Of many good stories since I started coaching, this one made great impact to me as the question raised was outstanding. My coaching client is the CEO and founder of a successful company in United States. He is a great leader and a lifelong learner and an example of the American dream.
It was an unusual coaching session. I noticed he had something on the back of his mind that he was bothered with. After a deep coaching conversation, he shared that one of his high-performing managers, who is also his close relative, misbehaved and he wanted help to resolve it. The situation he described was that this manager behaved badly to his staffs. The staffs were entering the gate and this manager did not pay attention to them when closing it, which almost hit them. They confronted each other and a small thing became a heated argument.
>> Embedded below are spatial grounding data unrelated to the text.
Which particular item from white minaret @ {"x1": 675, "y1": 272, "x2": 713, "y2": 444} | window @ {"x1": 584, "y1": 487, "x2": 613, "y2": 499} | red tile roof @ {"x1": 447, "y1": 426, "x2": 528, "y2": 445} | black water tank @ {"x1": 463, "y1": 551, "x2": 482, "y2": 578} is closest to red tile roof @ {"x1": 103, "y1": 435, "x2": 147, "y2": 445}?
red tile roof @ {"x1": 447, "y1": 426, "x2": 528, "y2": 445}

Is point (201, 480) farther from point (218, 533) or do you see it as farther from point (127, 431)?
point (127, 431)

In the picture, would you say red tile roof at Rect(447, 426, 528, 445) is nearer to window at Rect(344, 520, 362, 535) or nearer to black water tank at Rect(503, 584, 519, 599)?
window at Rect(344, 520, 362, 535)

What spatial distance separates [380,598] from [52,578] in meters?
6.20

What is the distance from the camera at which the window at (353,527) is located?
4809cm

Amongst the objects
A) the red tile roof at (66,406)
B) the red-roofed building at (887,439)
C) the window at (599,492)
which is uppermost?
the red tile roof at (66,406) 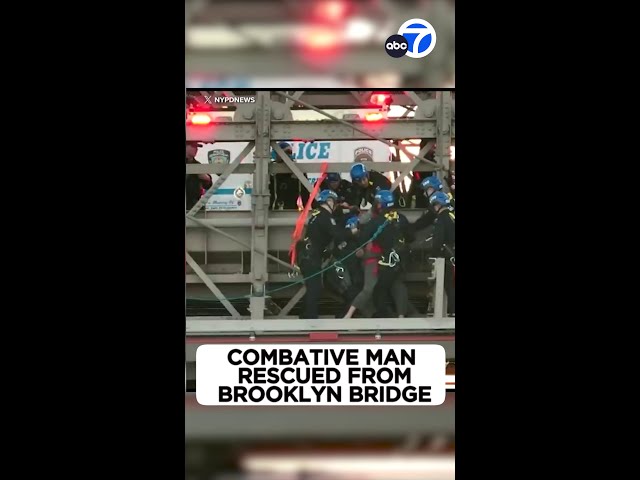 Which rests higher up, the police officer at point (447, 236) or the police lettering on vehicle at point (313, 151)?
the police lettering on vehicle at point (313, 151)

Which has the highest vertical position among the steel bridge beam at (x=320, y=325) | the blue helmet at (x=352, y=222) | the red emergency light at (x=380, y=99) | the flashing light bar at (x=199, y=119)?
the red emergency light at (x=380, y=99)

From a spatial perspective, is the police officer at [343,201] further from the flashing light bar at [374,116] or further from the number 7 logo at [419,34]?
the number 7 logo at [419,34]

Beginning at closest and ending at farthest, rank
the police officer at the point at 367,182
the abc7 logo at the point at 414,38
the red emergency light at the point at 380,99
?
the abc7 logo at the point at 414,38 < the red emergency light at the point at 380,99 < the police officer at the point at 367,182

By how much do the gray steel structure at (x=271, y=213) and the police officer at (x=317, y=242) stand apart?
3.0 inches

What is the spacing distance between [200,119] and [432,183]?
1.41 meters

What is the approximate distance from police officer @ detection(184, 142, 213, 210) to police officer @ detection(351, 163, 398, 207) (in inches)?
34.0

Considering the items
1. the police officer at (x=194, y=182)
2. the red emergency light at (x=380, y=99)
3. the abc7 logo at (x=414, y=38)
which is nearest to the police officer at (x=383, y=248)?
the red emergency light at (x=380, y=99)

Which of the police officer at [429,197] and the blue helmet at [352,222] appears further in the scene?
the blue helmet at [352,222]

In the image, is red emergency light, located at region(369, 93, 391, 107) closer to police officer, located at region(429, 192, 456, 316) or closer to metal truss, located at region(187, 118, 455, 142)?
metal truss, located at region(187, 118, 455, 142)

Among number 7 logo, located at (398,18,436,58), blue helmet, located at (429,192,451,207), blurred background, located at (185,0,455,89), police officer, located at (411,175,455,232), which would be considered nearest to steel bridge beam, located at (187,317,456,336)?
police officer, located at (411,175,455,232)

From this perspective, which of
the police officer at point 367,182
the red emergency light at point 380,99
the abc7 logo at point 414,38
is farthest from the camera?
the police officer at point 367,182

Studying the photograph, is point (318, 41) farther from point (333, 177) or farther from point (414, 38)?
point (333, 177)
According to my client, this manager has a history of passive-aggressive manner and a lack of valuing other people. The challenge my client faced was how to make invisible visible to this manager and talk to him in a way that he would change to behave better. After brainstorming exercise, the CEO came up with several ways he would solve this issue. He would talk to his manager and show him how his bad behaviors would not help him. He would also use his coaching and leadership skills to find out what the situation was and coach his manager to come up with a solution. He would send this manager to learn soft skills. These options all sound like it would help.
By reframing my client’s mindset and asking what he would say if he was to be a coach, coaching a client in the same situation. After a long silence, he said slowly that he would ask “what are you doing or not doing that seems to add to the situation?” He had a big insight just by asking this question. He had a bigger insight after answering it for his own situation. It turned out that his manager was merely unlocking the gate and did not notice there were people, for he would not have done such an act that could have harmed his coworkers.
If you find yourself dealing with a conflict, ask the same question “what am I doing or not doing that seems to add to the situation?” and answer it sincerely. You will be surprised yourself at what insight you get.